I have a question about marketing; If you get a email about buying a goat, as opposed to a phone call, -do you think that the buyer isn't interested in your goats as much with the email, and is just wasting your time? (i didnt phrase that but i mean are buyers usually more serious about buying when you get a phone call?) katrina


----------



## nhsmallfarmer (Apr 14, 2008)

I don't show my goats but I have an I idea on what judges look for as my kids showed working steers for 3 years, lol. 
#1 I like his head for some reason it just catches my eye
#2 is handsome but does seem long (not sure if goat judges like that, they could??)
#3 is very handsome he caught my eye all over I like the wide stripe on his face, way he holds his head, the way he stands, just a very nice looking boy.

I know you said you liked all three but which one stands out more to you? I had to chose I would buy #3


----------



## alyssa_romine (Oct 5, 2007)

I also think #3. He seems to be more muscled than the other 2. I love his look.


----------



## sweetgoats (Oct 18, 2007)

I have to say #3 also if they are the same age. If they are he looks a lot bigger and he sure looks lice and solid.
Have you gone to see these guys yourself? I would never buy a goat off a picture, you need to feel them and see what their personality is. 
I have to say they are all very nice looking.


----------



## goathappy (Oct 5, 2007)

#3 looks really nice, he blends together really nice and has great muscling.


----------



## enjoytheride (Oct 5, 2007)

I agree that you need better pictures- from the side for length and angulation of legs and overall picture- from the front for width and straightness, same from the back.

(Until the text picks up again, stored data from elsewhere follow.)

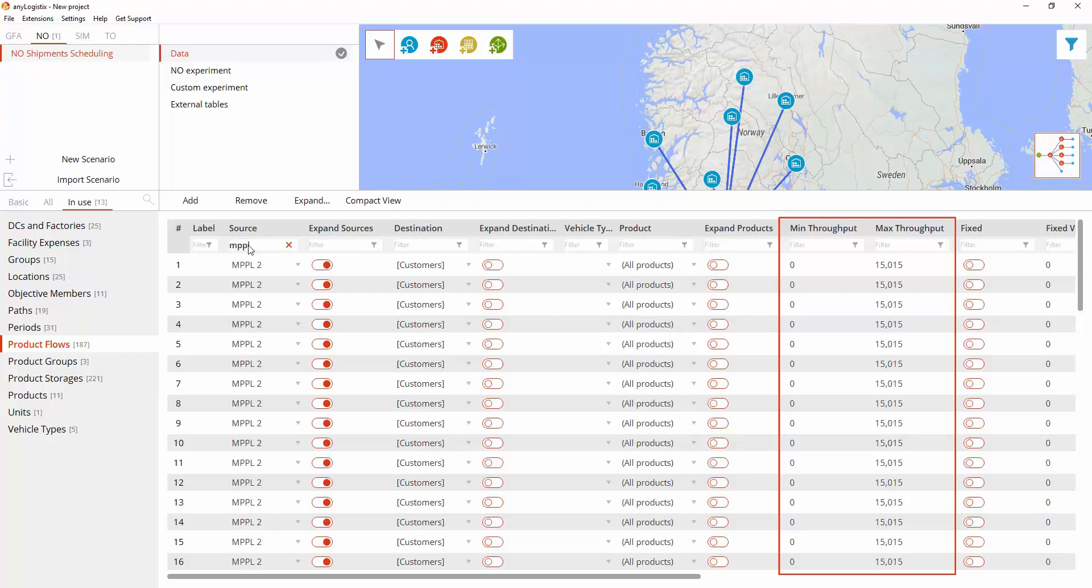MPPL1 and MPPL2 define pipeline throughput and product distribution by the corresponding transport.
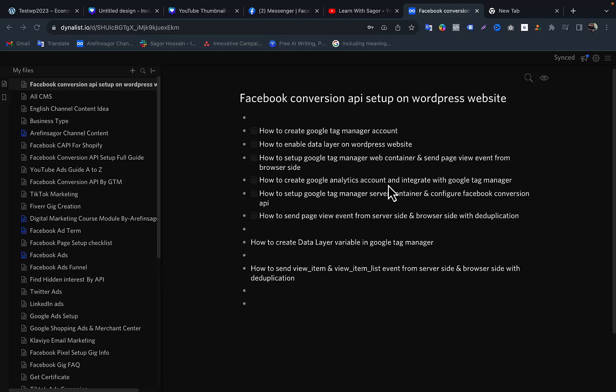Hello viewers, welcome to my next video. In this video, I will show you the pageview event on the server side and the browser side of the site, with deduplication.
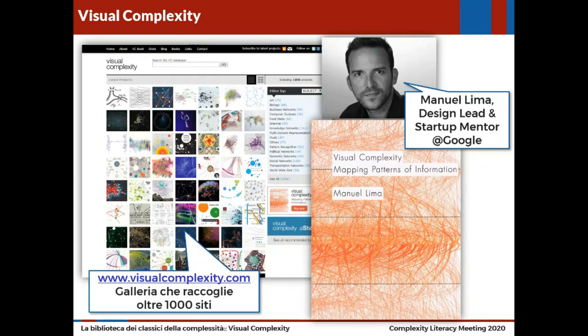Qui possiamo trovare risposte su come è possibile rappresentare la complessità. La nostra capacità di generare informazioni oggi supera la nostra abilità di comprenderle. Trovare schemi e fare connessioni significative in reti di dati complesse è diventata una delle più grandi sfide del XXI secolo.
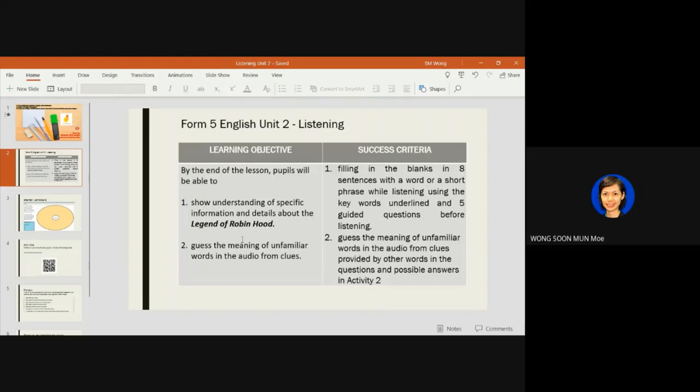You will also be able to guess the meaning of unfamiliar words in the audio from clues. You achieve that by filling in the blanks in eight sentences with a word or short phrase while listening, using keywords underlined and five guided questions before listening. And you will guess the meaning of unfamiliar words from clues provided by other words in the questions and possible answers in Activity Two.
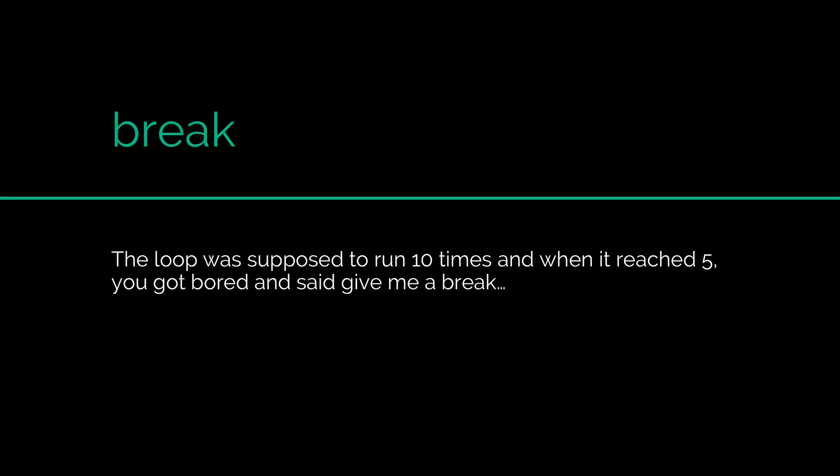Hi there, this is Vivz here. In this video, we are going to talk about the break statement in Java.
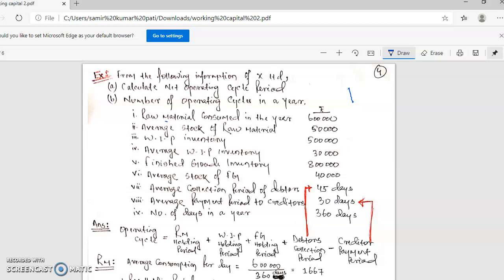Hey guys, welcome back. I am Samir and you are watching Commerce Ki Vaani. We are on the third class of Working Capital Management. In the first two classes we talked about the operating cycle of 5 concerns and solved an example. From this class onwards we will cover further concepts and questions, and wrap up the chapter quickly. Those who haven't watched the earlier classes should watch those videos and come back to this one.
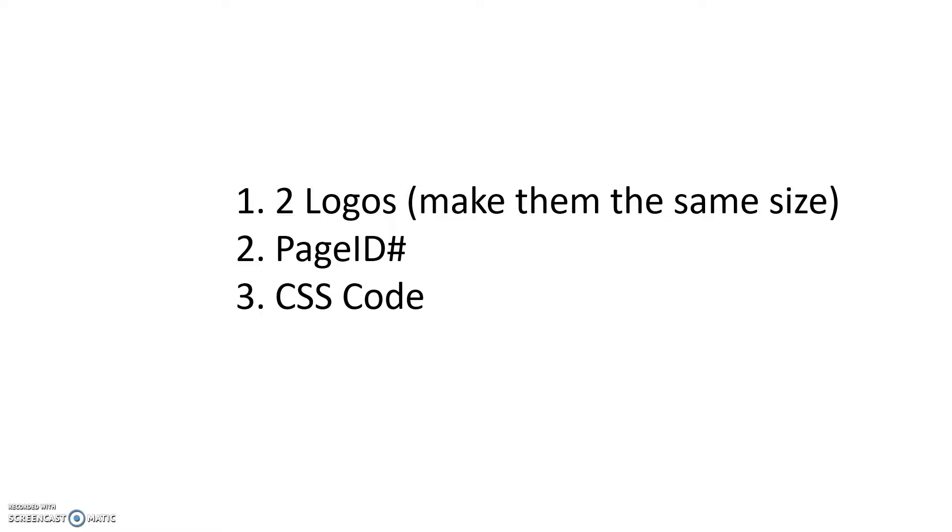Second thing we need is the page ID number. The page ID number is the number of the page where we're going to want the new logo to show up. I'll show you how to get that number. Third thing we need is a little CSS code, and that goes without saying.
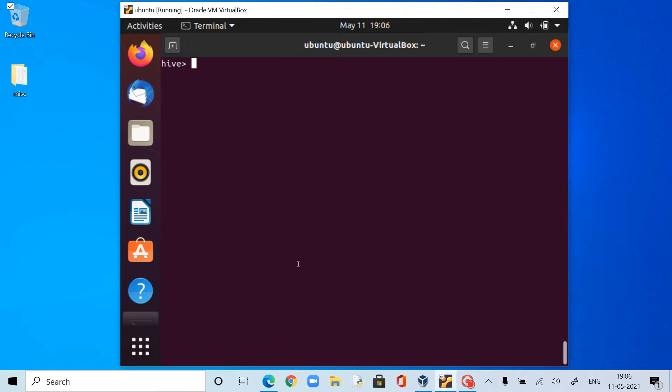Hi, welcome back. In this video I am going to show you two other activities: transform and extract. In my previous video I showed you how to load the data, and in this video I am going to show you how to transform and extract.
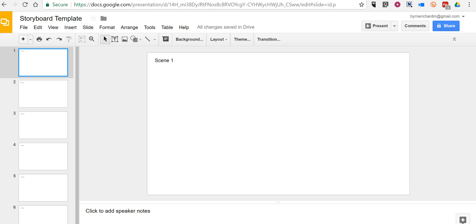Hi, this is Richard Byrne. In this video I want to show you how you can create a very simple storyboard template using Google Slides.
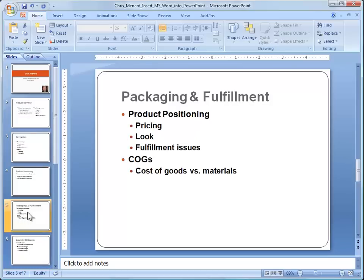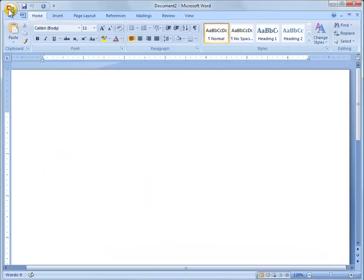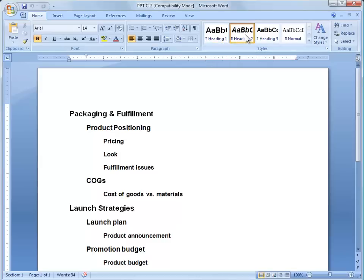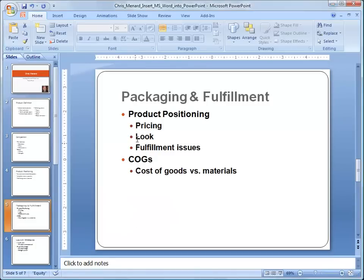Notice Slide 5 says Packaging and Fulfillment and then it says Product Positioning. I'm going to quickly open up Word to show you what that document looks like. The key is to use Styles in your Microsoft Word document. I made Packaging and Fulfillment a Heading 1, Product Positioning is a Heading 2, Pricing is a Heading 3. So your Heading 1's become the slide title, your Heading 2's become a first level bullet, and Heading 3's will become a second level bullet.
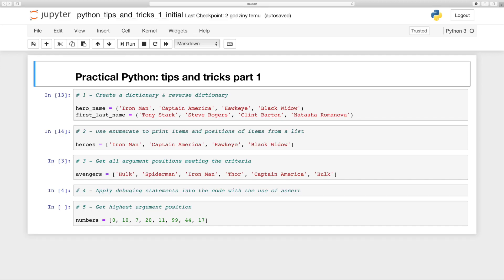Hi guys! With this video I'm starting a brand new series called Practical Python Tips and Tricks, and this is going to be part 1. In this video we are going to cover five steps that will enable your code to work better and also look nicer.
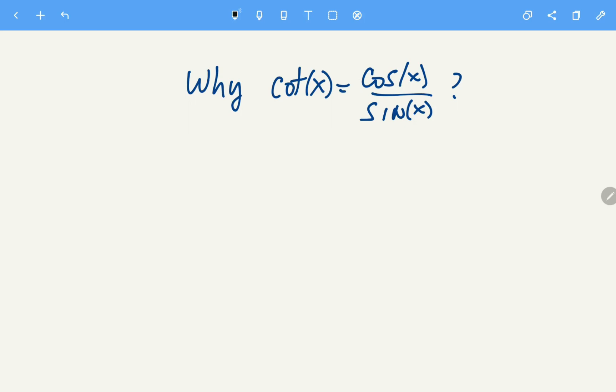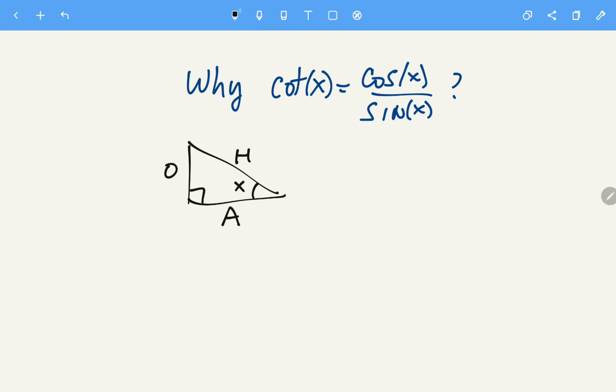Why is cotangent equal to cosine over sine? Let's start with a right triangle and define an angle X. The hypotenuse is the larger side of the triangle, and with respect to the angle X, we have the opposite side and the adjacent side.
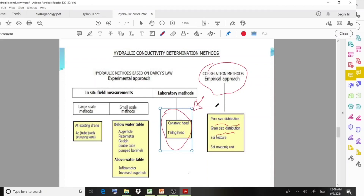In today's class we discussed the important terms related to the movement of water in an aquifer: permeability and hydraulic conductivity, their definitions, and their important units. I hope the session is clear. With this we wind up today's session — thank you and see you in the next section.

I have bought three horses that started with emails. When it got to the point that all my basic questions had been answered, I called.


----------



## AlaskaBoers (May 7, 2008)

pictures; you guys made a really good point that when buying you need to see them, i'm not going down to CA anytime soon, so I should pick a breeder in wi. i'm coming there this fall, and actually see him move. 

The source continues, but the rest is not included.